Andrew_Critch comments on What Multipolar Failure Looks Like, and Robust Agent-Agnostic Processes (RAAPs)

Andrew_Critch 7 Apr 2021 1:37 UTC
LW: 23 AF: 8
0
AF
I don’t understand the claim that the scenarios presented here prove the need for some new kind of technical AI alignment research.
I don’t mean to say this post warrants a new kind of AI alignment research, and I don’t think I said that, but perhaps I’m missing some kind of subtext I’m inadvertently sending?
I would say this post warrants research on multi-agent RL and/or AI social choice and/or fairness and/or transparency, none of which are “new kinds” of research (I promoted them heavily in my preceding post), and none of which I would call “alignment research” (though I’ll respect your decision to call all these topics “alignment” if you consider them that).
I would say, and I did say:
directing more x-risk-oriented AI research attention toward understanding RAAPs and how to make them safe to humanity seems prudent and perhaps necessary to ensure the existential safety of AI technology. Since researchers in multi-agent systems and multi-agent RL already think about RAAPs implicitly, these areas present a promising space for x-risk oriented AI researchers to begin thinking about and learning from.
I do hope that the RAAP concept can serve as a handle for noticing structure in multi-agent systems, but again I don’t consider this a “new kind of research”, only an important/necessary/neglected kind of research for the purposes of existential safety. Apologies if I seemed more revolutionary than intended. Perhaps it’s uncommon to take a strong position of the form “X is necessary/important/neglected for human survival” without also saying “X is a fundamentally new type of thinking that no one has done before”, but that is indeed my stance for X $\in$ {a variety of non-alignment AI research areas}.
- Vanessa Kosoy 7 Apr 2021 12:26 UTC
  LW: 23 AF: 11
  0
  AF Parent
  From your reply to Paul, I understand your argument to be something like the following:
  1. Any solution to single-single alignment will involve a tradeoff between alignment and capability.
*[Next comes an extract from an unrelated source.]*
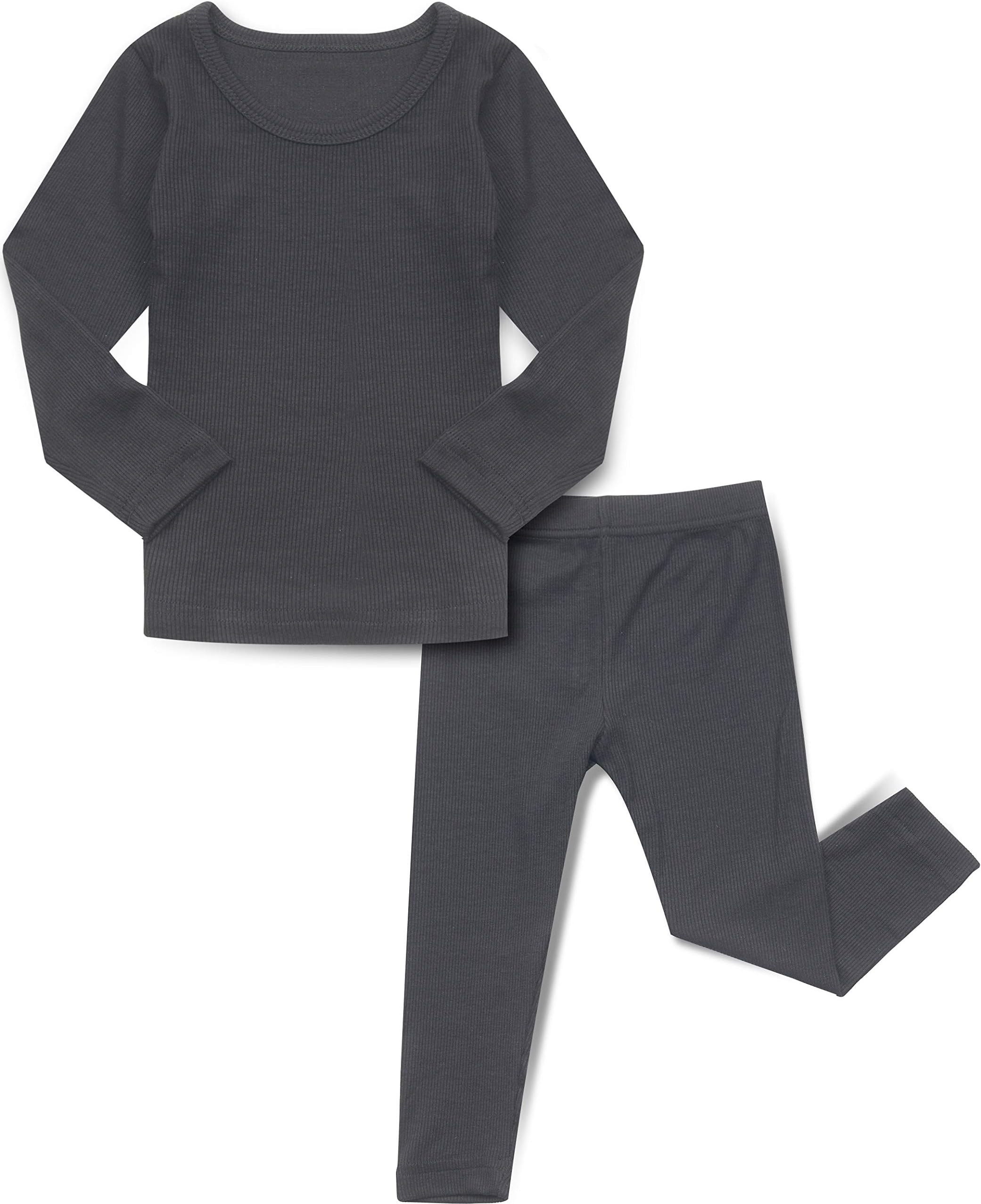 AVAUMABaby Boys Girls Pajama Set Kids Toddler Snug fit Ribbed Sleepwear pjs for Daily Life Style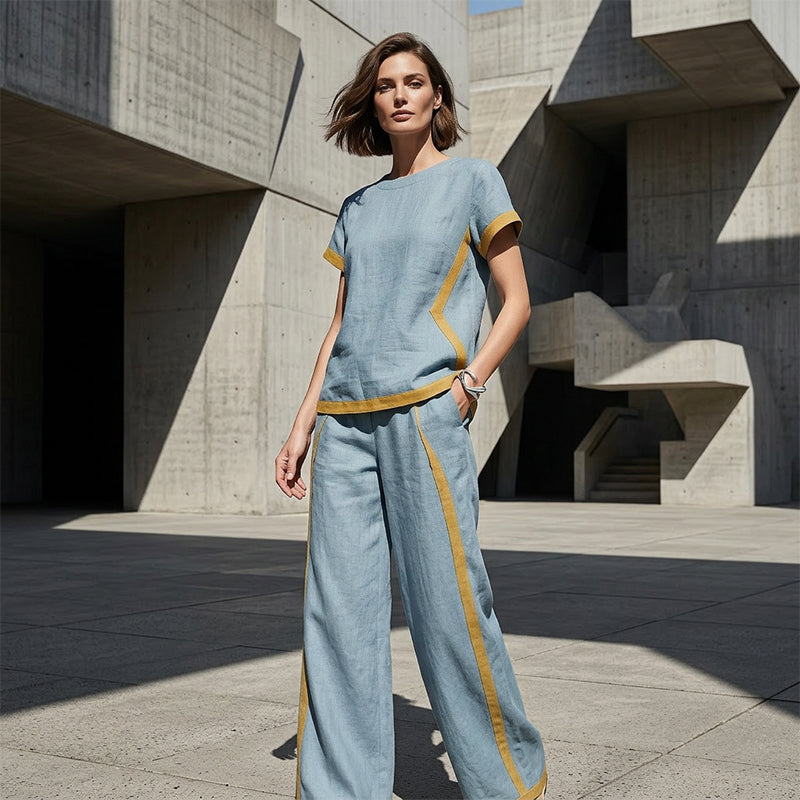 🎁2026 New Arrivals 50% OFF💥Women's Casual 2-Piece Set with Contrast Trim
  2. If AIs systems are not designed to be cooperative, then in a competitive environment each system will either go out of business or slide towards the capability end of the tradeoff. This will result in catastrophe.
  3. If AI systems are designed to be cooperative, they will strike deals to stay towards the alignment end of the tradeoff.
  4. Given the technical knowledge to design cooperative AI, the incentives are in favor of cooperative AI since cooperative AIs can come ahead by striking mutually-beneficial deals even purely in terms of capability. Therefore, producing such technical knowledge will prevent catastrophe.
  5. We might still need regulation to prevent players who irrationally choose to deploy uncooperative AI, but this kind of regulation is relatively easy to promote since it aligns with competitive incentives (an uncooperative AI wouldn’t have much of an edge, it would just threaten to drag everyone into a mutually destructive strategy).
  I think this argument has merit, but also the following weakness: given single-single alignment, we can delegate the design of cooperative AI to the initial uncooperative AI. Moreover, uncooperative AIs have an incentive to self-modify into cooperative AIs, if they assign even a small probability to their peers doing the same. I think we definitely need more research to understand these questions better, but it seems plausible we can reduce cooperation to “just” solving single-single alignment.